One another reason based on evidence from previous research for the increased false memories after sleep deprivation is that false memories lead to larger activation of the prefrontal cortex when compared with true memories (Schacter et al., 1996). Research evidence suggests that sleep deprivation interferes with the normal functioning of the prefrontal cortex (Drummond, Brown, Gillin, Stricker, Wong, & Buxton, 2000; Harrison & Horne, 2000; Yoo, Hu, Gujar, Jolesz, & Walker, 2007). This in turn reduces performance on cognitive tasks that rely on the prefrontal cortex (Durmer & Dinges, 2005; Harrison & Horne, 2000; Yoo, Hu, Gujar, Jolesz, & Walker, 2007). Curran, Schacter, Johnson & Spinks (2001) conducted an ERP (Event-Related Potential) study on subjects who showed higher accuracy in differentiating between old and new items and compared them with subjects reporting poor accuracy of recognition. High performers reported positive late frontal ERP as compared to low performers on the old-new recognition paradigm. One interpretation of this study can be that high performers activated more of the prefrontal cortex as compared to poor performers. The study provides direct support to our experimental results. It can be safely concluded that the disruption of the prefrontal activity through sleep deprivation leads to poorer ability for making choices between truly encountered words and internally generated words on the DRM (Yoo, Hu, Gujar, Jolesz, & Walker, 2007). This leads to generation of more false memories during sleep deprivation. Besides memory, functioning of some other cognitive functions like attention and arousal also gets affected due to disruption of the prefrontal activity (Durmer & Dinges, 2005). Knott & Dewhurst (2007) have shown a negative relationship between arousal levels at retrieval and generation of false memories on DRM task.

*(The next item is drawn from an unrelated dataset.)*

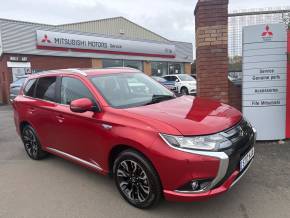 MITSUBISHI OUTLANDER at Fife Isuzu Cupar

The results of the present study imply that false memories formation increases after sleep deprivation. However, our results do not highlight the contribution of post learning sleep dependent consolidation process on false memory generation. Results of the present study suggest a moderate increase in hit rates (correct recognitions) after sleep as compared to false memory rates. Previous research on the effect of post-learning sleep on recognition memories has indicated significant improved recognition memories across sleep as compared to deprivation (Hu, Stylos-Allan, & Walker, 2006; Wagner, Kashyap, Diekelmann, & Born, 2007). The present study reports that the sleep deprivation led to generation of more false memories while post learning sleep had no significant effect of false memory formation. Additionally, the present research suggests that the reason for the generation of false memory under sleep deprivation may be mainly due to the change in activity of the prefrontal cortex that causes the subject to inaccurately recognize the never presented items as previously seen item.